Nassolo replaced her sister as a helper at the couple’s home in 1984.

Taylor explains that at the time she came into Patel’s life, Nassolo had stayed and served him for about half a decade. And for anyone who knew Patel, sharing knowledge and specifically his cooking skills simply rubbed off.

“As I did other chores, he always interested me into learning how to cook, specifically the Indian dishes.

Over the years, I got to learn how to cook a variety of dishes. With time, he gave me a placement at Sam’s, his first restaurant on Bombo Road,” 51-year-old Nassolo recounts.
Today, she is one of the lead chefs in the continental kitchen at Faze 2, a hangout joint and eatery that was started by the Patels in the late 1990s. She has been a chef since 2008.

Her favourite dish: Asian-fused dishes as well as fast food.

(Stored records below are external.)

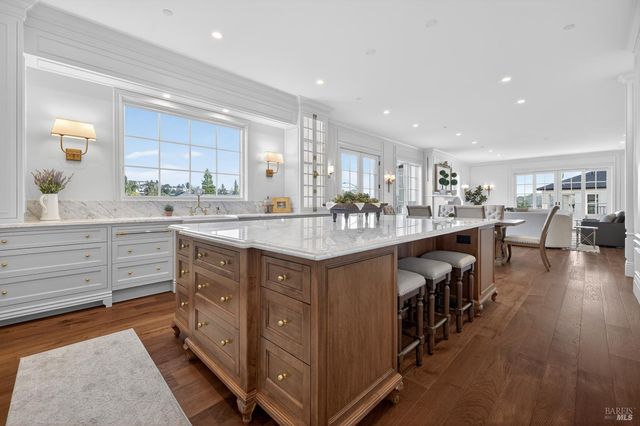 3724 Lakebriar Pl, Santa Rosa, CA 95403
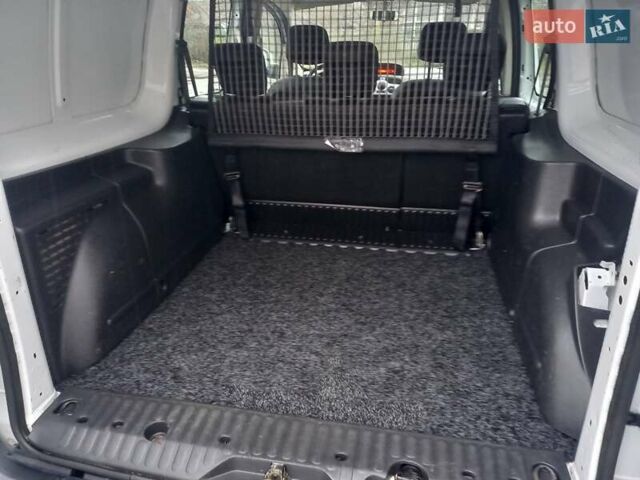 Белый Рено Кенгу, объемом двигателя 1.5 л и пробегом 180 тыс. км за 8999 $, фото 11 на Automoto.ua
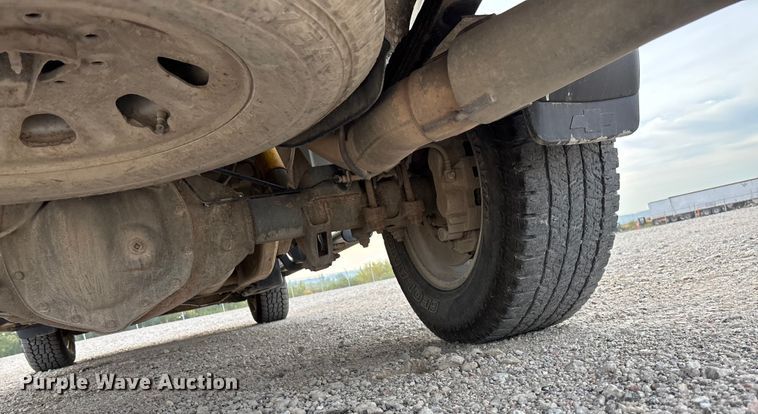 image for item ET4693 2013 Chevrolet Silverado 2500HD Crew Cab pickup truck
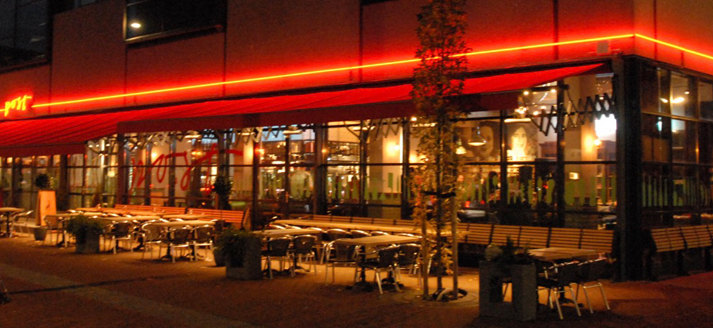 Groot terras met uitzicht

Away from cooking: Cissy spends time with children as well as learning new things that can add value to her life

James Nterere Kotikot, Senior Sous Chef, Hotel Africana

In 1996, James Kotikot was just another trainee at Diani Reef Grand Hotel, located in Mombasa. He did the simple things in the kitchen like preparing vegetables, chopping meat in the butcher section, dressing salads and the like.
He did this with passion because cooking was not going to simply be a job, it seemed like a calling because from an early age, he took interest whenever his mother was preparing a meal for the family. That keenness only grew into a passion.

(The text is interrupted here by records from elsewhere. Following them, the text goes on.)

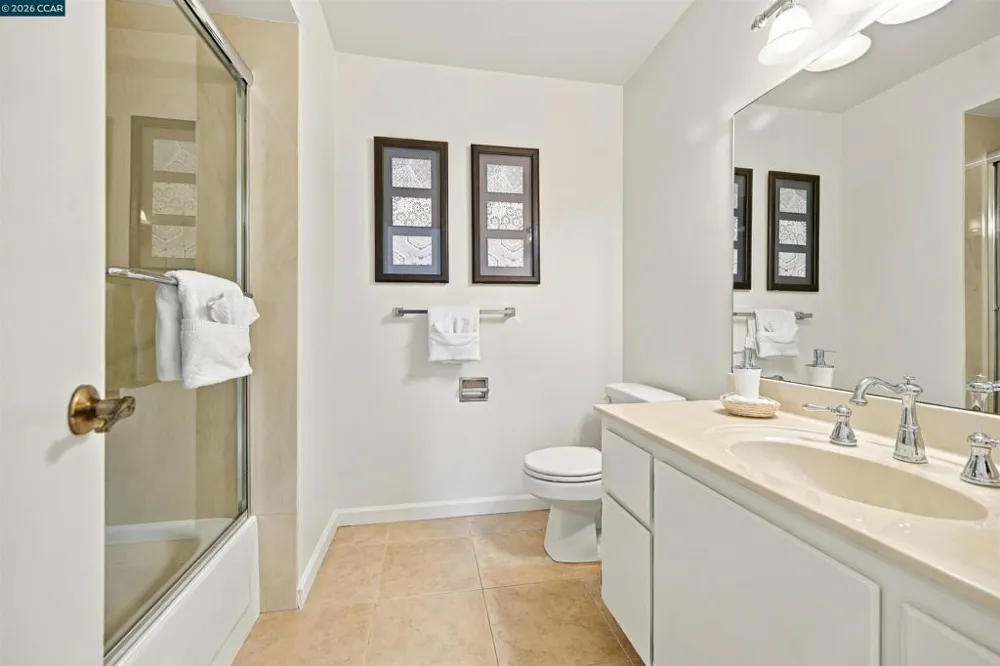 5378 Meadow Wood Place Concord, CA 94521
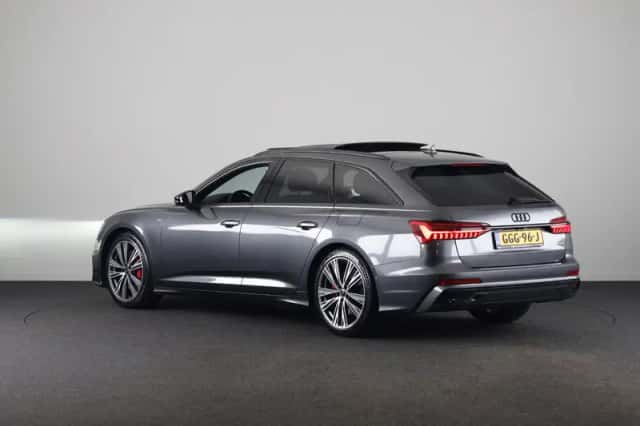 Audi A6 (2024) thumbnail 2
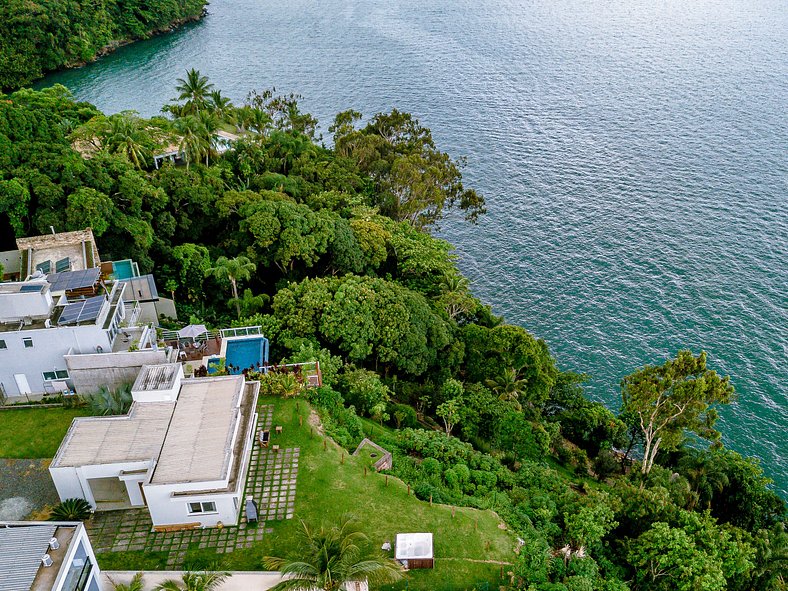 Casa na costeira com vista para o mar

His efforts were quickly realised. He was promoted to a commis chef at Diani. He was only a college student. He joined Nairobi Polytechnic in 1998 and graduated in 2000 with a certificate in ‘Food and Beverage Sales and Production’ after which he was offered a job at Seasons Restaurant in Nairobi, Kenya as chef de parte.

In 2002, he joined Havana Restaurant as head chef then to Windsor Golf Hotel and then to Eka Hotel in Nairobi as Executive chef.

“It was at Eka that I met my current employer, BMK (Bulaimu Muwanga Kibirige). He came in as a guest on a Sunday and he enjoyed the buffet.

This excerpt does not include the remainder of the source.